PASC (postacute sequelae of COVID-19) was found to persist for at least 6 months in more than half of those contracting the infection.
"Long COVID" persisted for at least 6 months after recovery in more than half of over 250,000 survivors assessed in a systematic review of short-term and long-term postacute sequelae of COVID-19 (PASC).
Paddy Ssentongo, MD, PhD, MPH, Center for Neural Engineering, Department of Engineering, Science and Mechanics, The Pennsylvania State University, State College, PA, and colleagues conducted the review to estimate the overall and organ system-specific frequency of PASC.
"As we better understand the disease burden of PASC in COVID-19 survivors, we can develop precise treatment plans to improve clinical care in patients with COVID-19 who are at greatest risk of PASC and establish integrated, evidence-based clinical management for those affected," Ssentongo and colleagues opined.
In discussing the findings with Contagion, Ssentongo elaborated on their hope for improved approaches to PASC,"Machine learning models that use genomic, clinical, and socio-demographic information to predict patients with PASC will prove to be useful in guiding precision medicine," he said.
The investigators screened a total of 2,100 studies, with 57 meeting inclusion criteria containing 250,351 survivors of COVID-19, of whom 79% (197,777) had been hospitalized for the acute infection. The studies included randomized clinical trials, prospective and retrospective cohort studies, case series with at least 10 patients and case-control studies with reported PASC frequencies.
The median (interquartile range, IQR) of COVID-19 survivors experiencing at least 1 PASC was 54.0% (45.0-69.0%; 13 studies) at 1 month; 55% (34.8-65.5%; 38 studies) at 2 to 5 months; and 54% (31.0-67.0%; 9 studies at 6 or more months.The most common sequelae were pulmonary abnormalities, impaired mobility, neurologic and mental health disorders.
Persistent dyspnea was found in 29.7% (14.2-37.0%; 38 studies) and cough in 13.1% (5.3-22.6%; 26 studies).Increased oxygen requirement was reported in nearly two-thirds of survivors (65.0% (39.3-76.1%; 3 studies). Functional mobility declined in 20.2% (14.9-30.6; 6 studies) and exercise tolerance was reduced in 14.7% (10.6-18.%; 2 studies).
Neurological symptoms included difficulty concentrating in 23.8% (20.4-25.9%;4 studies), with other common symptoms including headaches, memory deficits, and cognitive impairment.Mental health disorders diagnosed after acute infection included anxiety in 29.6% (14.0-44.0%; 7 studies); sleep disorders in 27% (19.2-30.3%; 10 studies); depression in 20.4% (19.2-21.5%; 2 studies); and post-traumatic stress disorder in 13.3% (7.3-25.1%; 9 studies).

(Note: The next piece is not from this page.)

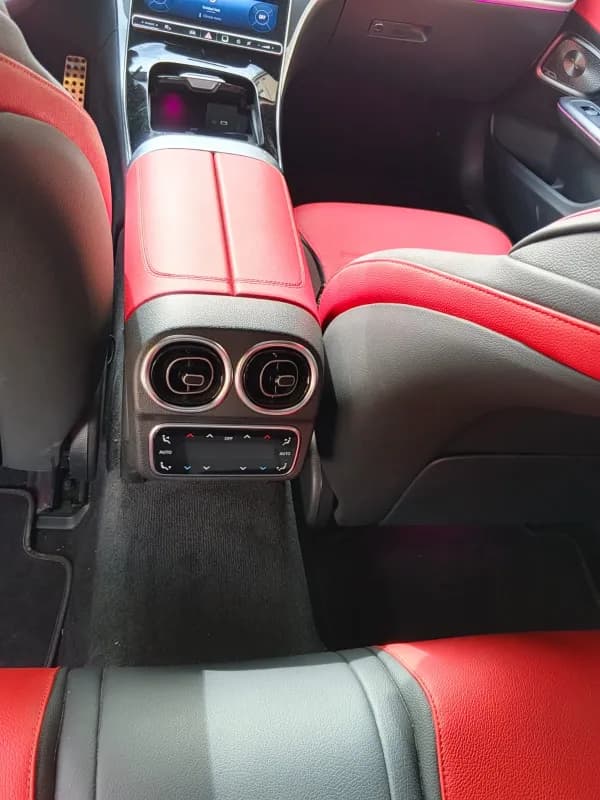 مرسيدس بنز C200 2024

Ssentongo considered the question of whether neurologic disorders, as a possible direct effect of SARS-CoV-2, should be distinguished as a component of PASC from mental health disorders which can follow other serious illnesses, particularly in the context of a pandemic.

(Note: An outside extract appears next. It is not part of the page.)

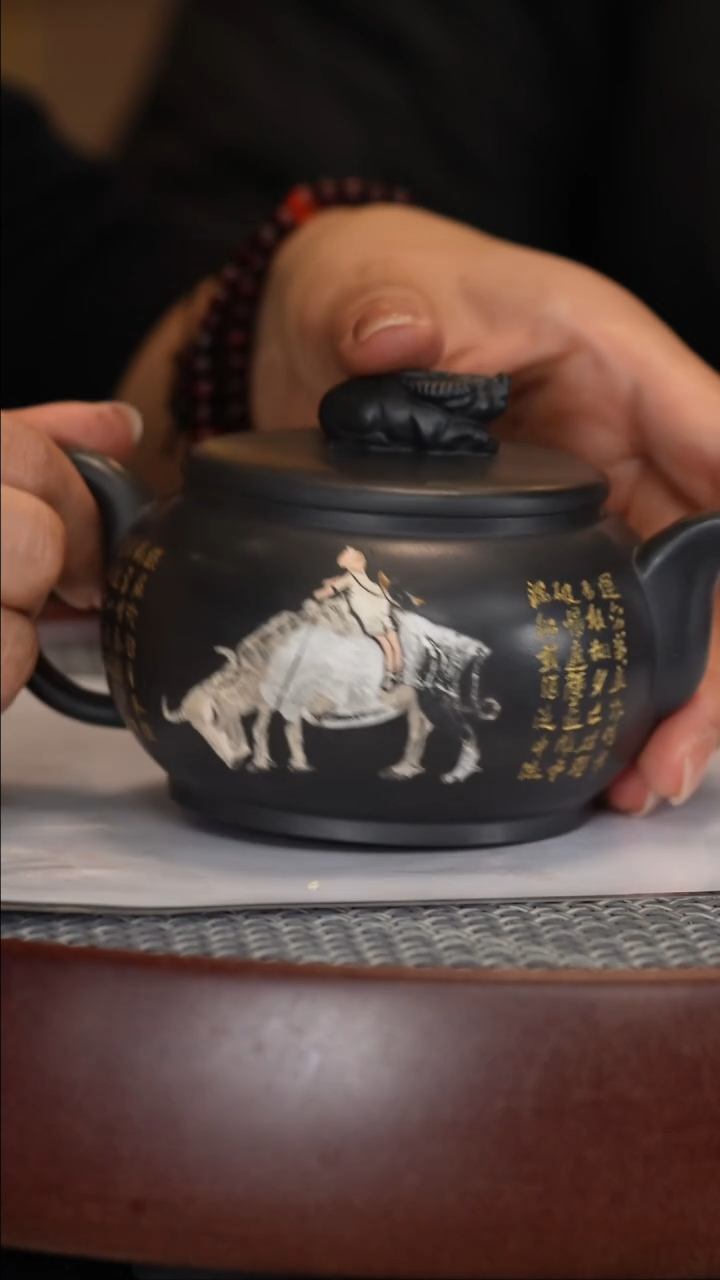 【闪购商品】紫砂茶壶【王志刚】黑泥牛气冲天  260CC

"It is plausible that the effects of the SARS-CoV-2 virus on the brain—either direct cytolytic effect or neuronal damage through indirect systemic effects such as secondary inflammatory response—can induce the reported mental health disorders," he indicated."Of course, future studies are necessary to delineate the psychological effect of the pandemic and the direct effect of the virus."
The investigators emphasize the importance of recognizing, not just the life lost from acute COVID-19 illness, but the disease burden experienced by so many due to PASC.They suggest that clinical management of PASC will require "a whole-patient perspective", with management tools like virtual rehabilitation platforms.They also recommend increasing the availability of "one-stop multidisciplinary clinics" to address the complex clinical presentations and avoid sending these patients on multiple referrals.
Ssentongo acknowledged, however, that such comprehensive approach to PASC is difficult within health care systems that have been exposed in the COVID-19 pandemic as often disjointed and inequitable.
"Similar to the barriers that exist in traditional physical medicine, PASC treatment centers and clinics may be concentrated in urban areas," he observed."Therefore, traditional health care disparities may perpetuate in PASC treatment. Nevertheless, establishing these clinics will steer us in the right direction in treating PASC."